### Task to complete
A complete copy of the entries, exactly as written, is the expected result.
Segment Start: Given data
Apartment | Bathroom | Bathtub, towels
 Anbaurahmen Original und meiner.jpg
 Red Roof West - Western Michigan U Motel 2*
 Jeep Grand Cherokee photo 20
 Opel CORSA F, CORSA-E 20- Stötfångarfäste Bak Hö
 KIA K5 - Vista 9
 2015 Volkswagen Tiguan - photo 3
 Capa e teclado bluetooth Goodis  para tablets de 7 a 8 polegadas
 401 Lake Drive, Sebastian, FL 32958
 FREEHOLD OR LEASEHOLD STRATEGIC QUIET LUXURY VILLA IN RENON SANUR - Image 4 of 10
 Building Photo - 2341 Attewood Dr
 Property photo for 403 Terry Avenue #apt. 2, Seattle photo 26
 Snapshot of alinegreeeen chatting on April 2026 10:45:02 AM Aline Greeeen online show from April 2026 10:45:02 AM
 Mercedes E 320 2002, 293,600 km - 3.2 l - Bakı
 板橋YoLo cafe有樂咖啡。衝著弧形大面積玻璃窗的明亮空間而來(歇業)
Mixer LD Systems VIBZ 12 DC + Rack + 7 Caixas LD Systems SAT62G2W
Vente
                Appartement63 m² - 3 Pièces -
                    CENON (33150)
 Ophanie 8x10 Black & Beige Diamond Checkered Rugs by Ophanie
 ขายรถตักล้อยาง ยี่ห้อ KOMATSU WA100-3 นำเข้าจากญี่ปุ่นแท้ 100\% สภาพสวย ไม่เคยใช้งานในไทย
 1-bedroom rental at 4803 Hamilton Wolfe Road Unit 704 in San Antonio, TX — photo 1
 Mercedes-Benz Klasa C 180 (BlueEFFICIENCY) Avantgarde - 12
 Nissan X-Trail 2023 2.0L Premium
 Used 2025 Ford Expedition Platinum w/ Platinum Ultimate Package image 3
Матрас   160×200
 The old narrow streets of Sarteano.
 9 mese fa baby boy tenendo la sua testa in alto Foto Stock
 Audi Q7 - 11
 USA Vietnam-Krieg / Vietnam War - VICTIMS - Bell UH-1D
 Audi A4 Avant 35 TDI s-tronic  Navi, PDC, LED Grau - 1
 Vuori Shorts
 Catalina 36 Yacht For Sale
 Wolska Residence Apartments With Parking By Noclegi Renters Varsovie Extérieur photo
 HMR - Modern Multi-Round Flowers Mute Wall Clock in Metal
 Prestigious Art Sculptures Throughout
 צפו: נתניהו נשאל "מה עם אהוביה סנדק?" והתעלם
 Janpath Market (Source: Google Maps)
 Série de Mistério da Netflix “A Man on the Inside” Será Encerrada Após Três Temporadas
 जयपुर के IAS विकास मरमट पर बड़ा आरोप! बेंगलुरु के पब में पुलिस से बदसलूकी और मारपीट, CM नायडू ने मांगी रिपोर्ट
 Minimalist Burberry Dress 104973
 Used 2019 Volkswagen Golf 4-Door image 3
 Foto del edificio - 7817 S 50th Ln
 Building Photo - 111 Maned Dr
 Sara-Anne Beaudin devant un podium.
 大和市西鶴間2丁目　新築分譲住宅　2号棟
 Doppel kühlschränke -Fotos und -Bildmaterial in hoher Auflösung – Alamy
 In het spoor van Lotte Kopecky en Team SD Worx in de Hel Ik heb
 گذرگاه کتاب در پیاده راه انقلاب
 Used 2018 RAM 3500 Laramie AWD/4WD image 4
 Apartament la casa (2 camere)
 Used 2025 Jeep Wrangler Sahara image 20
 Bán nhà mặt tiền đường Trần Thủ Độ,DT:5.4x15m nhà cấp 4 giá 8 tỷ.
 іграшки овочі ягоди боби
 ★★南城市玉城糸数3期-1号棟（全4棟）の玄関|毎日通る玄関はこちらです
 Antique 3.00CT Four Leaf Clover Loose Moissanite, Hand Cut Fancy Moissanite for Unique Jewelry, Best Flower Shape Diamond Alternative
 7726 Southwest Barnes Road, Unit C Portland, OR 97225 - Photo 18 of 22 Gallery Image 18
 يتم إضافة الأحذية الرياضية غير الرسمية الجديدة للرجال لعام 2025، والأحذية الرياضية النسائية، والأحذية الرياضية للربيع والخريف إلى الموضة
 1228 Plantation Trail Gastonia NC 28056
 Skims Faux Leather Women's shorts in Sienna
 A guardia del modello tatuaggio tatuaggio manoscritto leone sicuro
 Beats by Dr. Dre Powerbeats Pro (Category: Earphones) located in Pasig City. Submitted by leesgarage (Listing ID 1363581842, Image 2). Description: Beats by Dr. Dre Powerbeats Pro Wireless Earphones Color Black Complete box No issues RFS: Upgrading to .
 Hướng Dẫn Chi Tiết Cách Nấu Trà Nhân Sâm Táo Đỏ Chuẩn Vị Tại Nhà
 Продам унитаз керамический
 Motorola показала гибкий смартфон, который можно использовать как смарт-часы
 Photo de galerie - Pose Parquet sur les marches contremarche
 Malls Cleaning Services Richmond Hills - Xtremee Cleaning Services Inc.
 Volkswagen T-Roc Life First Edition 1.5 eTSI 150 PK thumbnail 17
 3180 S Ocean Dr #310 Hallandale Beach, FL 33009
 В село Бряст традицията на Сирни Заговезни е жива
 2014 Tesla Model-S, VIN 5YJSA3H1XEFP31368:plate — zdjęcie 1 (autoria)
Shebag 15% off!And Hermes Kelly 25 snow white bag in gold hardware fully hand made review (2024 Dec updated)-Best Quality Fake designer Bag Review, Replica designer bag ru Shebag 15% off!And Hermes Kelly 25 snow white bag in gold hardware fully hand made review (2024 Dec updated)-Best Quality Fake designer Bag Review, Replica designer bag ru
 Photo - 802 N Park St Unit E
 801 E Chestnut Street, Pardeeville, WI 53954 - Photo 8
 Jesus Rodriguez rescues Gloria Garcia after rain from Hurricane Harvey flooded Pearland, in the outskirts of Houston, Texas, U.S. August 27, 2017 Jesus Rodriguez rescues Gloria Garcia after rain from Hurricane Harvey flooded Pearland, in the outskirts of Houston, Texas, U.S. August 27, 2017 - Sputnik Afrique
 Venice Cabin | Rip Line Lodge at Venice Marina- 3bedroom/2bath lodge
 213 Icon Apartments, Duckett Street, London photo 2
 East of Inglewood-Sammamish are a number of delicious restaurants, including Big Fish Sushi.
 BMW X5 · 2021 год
Segment End: Given data
### Task result
Apartment | Bathroom | Bathtub, towels
 Anbaurahmen Original und meiner.jpg
 Red Roof West - Western Michigan U Motel 2*
 Jeep Grand Cherokee photo 20
 Opel CORSA F, CORSA-E 20- Stötfångarfäste Bak Hö
 KIA K5 - Vista 9
 2015 Volkswagen Tiguan - photo 3
 Capa e teclado bluetooth Goodis  para tablets de 7 a 8 polegadas
 401 Lake Drive, Sebastian, FL 32958
 FREEHOLD OR LEASEHOLD STRATEGIC QUIET LUXURY VILLA IN RENON SANUR - Image 4 of 10
 Building Photo - 2341 Attewood Dr
 Property photo for 403 Terry Avenue #apt. 2, Seattle photo 26
 Snapshot of alinegreeeen chatting on April 2026 10:45:02 AM Aline Greeeen online show from April 2026 10:45:02 AM
 Mercedes E 320 2002, 293,600 km - 3.2 l - Bakı
 板橋YoLo cafe有樂咖啡。衝著弧形大面積玻璃窗的明亮空間而來(歇業)
Mixer LD Systems VIBZ 12 DC + Rack + 7 Caixas LD Systems SAT62G2W
Vente
                Appartement63 m² - 3 Pièces -
                    CENON (33150)
 Ophanie 8x10 Black & Beige Diamond Checkered Rugs by Ophanie
 ขายรถตักล้อยาง ยี่ห้อ KOMATSU WA100-3 นำเข้าจากญี่ปุ่นแท้ 100\% สภาพสวย ไม่เคยใช้งานในไทย
 1-bedroom rental at 4803 Hamilton Wolfe Road Unit 704 in San Antonio, TX — photo 1
 Mercedes-Benz Klasa C 180 (BlueEFFICIENCY) Avantgarde - 12
 Nissan X-Trail 2023 2.0L Premium
 Used 2025 Ford Expedition Platinum w/ Platinum Ultimate Package image 3
Матрас   160×200
 The old narrow streets of Sarteano.
 9 mese fa baby boy tenendo la sua testa in alto Foto Stock
 Audi Q7 - 11
 USA Vietnam-Krieg / Vietnam War - VICTIMS - Bell UH-1D
 Audi A4 Avant 35 TDI s-tronic  Navi, PDC, LED Grau - 1
 Vuori Shorts
 Catalina 36 Yacht For Sale
 Wolska Residence Apartments With Parking By Noclegi Renters Varsovie Extérieur photo
 HMR - Modern Multi-Round Flowers Mute Wall Clock in Metal
 Prestigious Art Sculptures Throughout
 צפו: נתניהו נשאל "מה עם אהוביה סנדק?" והתעלם
 Janpath Market (Source: Google Maps)
 Série de Mistério da Netflix “A Man on the Inside” Será Encerrada Após Três Temporadas
 जयपुर के IAS विकास मरमट पर बड़ा आरोप! बेंगलुरु के पब में पुलिस से बदसलूकी और मारपीट, CM नायडू ने मांगी रिपोर्ट
 Minimalist Burberry Dress 104973
 Used 2019 Volkswagen Golf 4-Door image 3
 Foto del edificio - 7817 S 50th Ln
 Building Photo - 111 Maned Dr
 Sara-Anne Beaudin devant un podium.
 大和市西鶴間2丁目　新築分譲住宅　2号棟
 Doppel kühlschränke -Fotos und -Bildmaterial in hoher Auflösung – Alamy
 In het spoor van Lotte Kopecky en Team SD Worx in de Hel Ik heb
 گذرگاه کتاب در پیاده راه انقلاب
 Used 2018 RAM 3500 Laramie AWD/4WD image 4
 Apartament la casa (2 camere)
 Used 2025 Jeep Wrangler Sahara image 20
 Bán nhà mặt tiền đường Trần Thủ Độ,DT:5.4x15m nhà cấp 4 giá 8 tỷ.
 іграшки овочі ягоди боби
 ★★南城市玉城糸数3期-1号棟（全4棟）の玄関|毎日通る玄関はこちらです
 Antique 3.00CT Four Leaf Clover Loose Moissanite, Hand Cut Fancy Moissanite for Unique Jewelry, Best Flower Shape Diamond Alternative
 7726 Southwest Barnes Road, Unit C Portland, OR 97225 - Photo 18 of 22 Gallery Image 18
 يتم إضافة الأحذية الرياضية غير الرسمية الجديدة للرجال لعام 2025، والأحذية الرياضية النسائية، والأحذية الرياضية للربيع والخريف إلى الموضة
 1228 Plantation Trail Gastonia NC 28056
 Skims Faux Leather Women's shorts in Sienna
 A guardia del modello tatuaggio tatuaggio manoscritto leone sicuro
 Beats by Dr. Dre Powerbeats Pro (Category: Earphones) located in Pasig City. Submitted by leesgarage (Listing ID 1363581842, Image 2). Description: Beats by Dr. Dre Powerbeats Pro Wireless Earphones Color Black Complete box No issues RFS: Upgrading to .
 Hướng Dẫn Chi Tiết Cách Nấu Trà Nhân Sâm Táo Đỏ Chuẩn Vị Tại Nhà
 Продам унитаз керамический
 Motorola показала гибкий смартфон, который можно использовать как смарт-часы
 Photo de galerie - Pose Parquet sur les marches contremarche
 Malls Cleaning Services Richmond Hills - Xtremee Cleaning Services Inc.
 Volkswagen T-Roc Life First Edition 1.5 eTSI 150 PK thumbnail 17
 3180 S Ocean Dr #310 Hallandale Beach, FL 33009
 В село Бряст традицията на Сирни Заговезни е жива
 2014 Tesla Model-S, VIN 5YJSA3H1XEFP31368:plate — zdjęcie 1 (autoria)
Shebag 15% off!And Hermes Kelly 25 snow white bag in gold hardware fully hand made review (2024 Dec updated)-Best Quality Fake designer Bag Review, Replica designer bag ru Shebag 15% off!And Hermes Kelly 25 snow white bag in gold hardware fully hand made review (2024 Dec updated)-Best Quality Fake designer Bag Review, Replica designer bag ru
 Photo - 802 N Park St Unit E
 801 E Chestnut Street, Pardeeville, WI 53954 - Photo 8
 Jesus Rodriguez rescues Gloria Garcia after rain from Hurricane Harvey flooded Pearland, in the outskirts of Houston, Texas, U.S. August 27, 2017 Jesus Rodriguez rescues Gloria Garcia after rain from Hurricane Harvey flooded Pearland, in the outskirts of Houston, Texas, U.S. August 27, 2017 - Sputnik Afrique
 Venice Cabin | Rip Line Lodge at Venice Marina- 3bedroom/2bath lodge
 213 Icon Apartments, Duckett Street, London photo 2
 East of Inglewood-Sammamish are a number of delicious restaurants, including Big Fish Sushi.
 BMW X5 · 2021 год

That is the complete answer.